Same here. Spent a few years in University, still couldn't find out what I wanted to do. Money well wasted.


----------



## Maverick82 (26 Jun 2007)

So did you join when you figured out school wasn't going to work? how old were you?  I'm 24 now and need some stability... also need to get away from home too.


----------



## Fry (26 Jun 2007)

Well I always wanted to join a police force or the CF all my life. I just hit up university because my parents were pushing me toward that sort of education. After doing that and working in a bar and a call center, I realized I don't want a normal routine job... I was 20 at the time when I first went, 22 now.

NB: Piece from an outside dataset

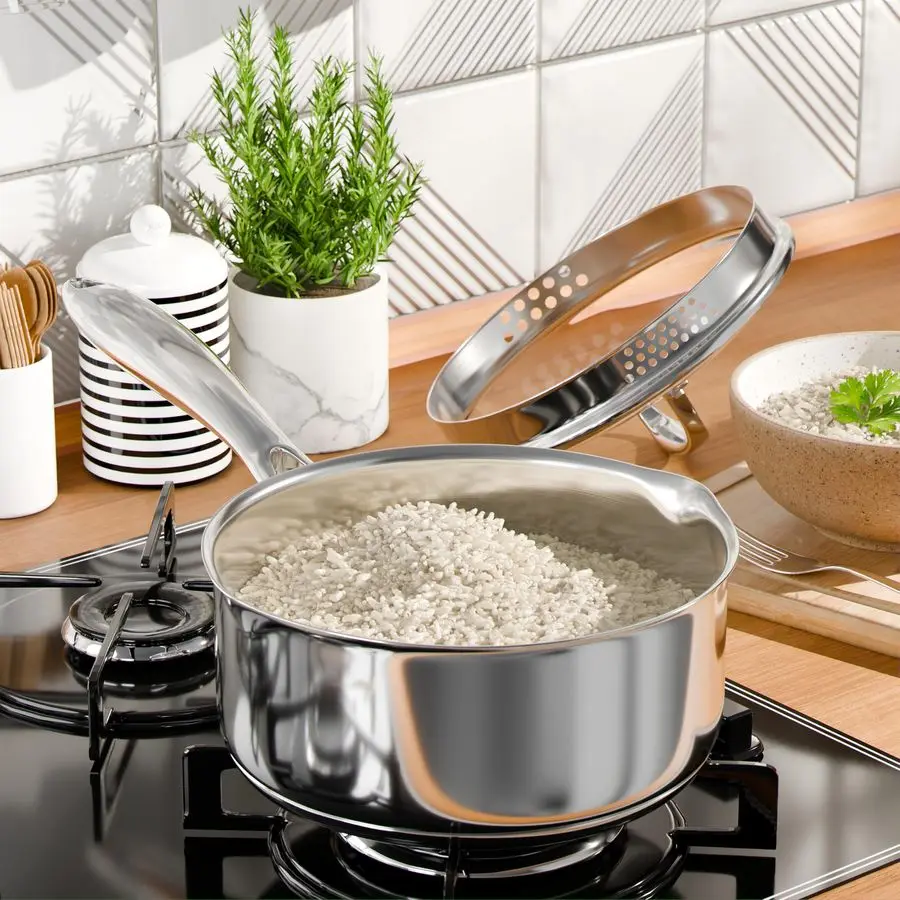 

Steel Saucepan Set with Strainer Glass Lid, 1Quart and 2Quart TriPly Capsule Bottom Sauce Pan Pot, Two Pour Spout, Dishwasher an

The CF certainly would fix your stability issue and I'm sure you'll be away from home for quite a while.


----------



## Maverick82 (26 Jun 2007)

yea I'd love to get away for a while... it's going to be hard leaving my two best friends but I'm sure they'll be there when I go on my vacation somewhere tropical =P.  Thanks for your responses they've helped me ease my decisions =D.


----------



## Fry (26 Jun 2007)

You've gotta look out for number one, that's for sure.


----------



## Maverick82 (26 Jun 2007)

is there a lot of oppurtunity once you've put in 3 years and decide its not for you?  For the type of person I am I'm probably going to love the military... but I might meet someone and want to start a family and have to take a job involving less risk... maybe a policing job or emergency task force...


----------



## Fry (27 Jun 2007)

You can always request an Occupational Transfer or put in for a release... But I wouldn't do it because of a 'risk' factor.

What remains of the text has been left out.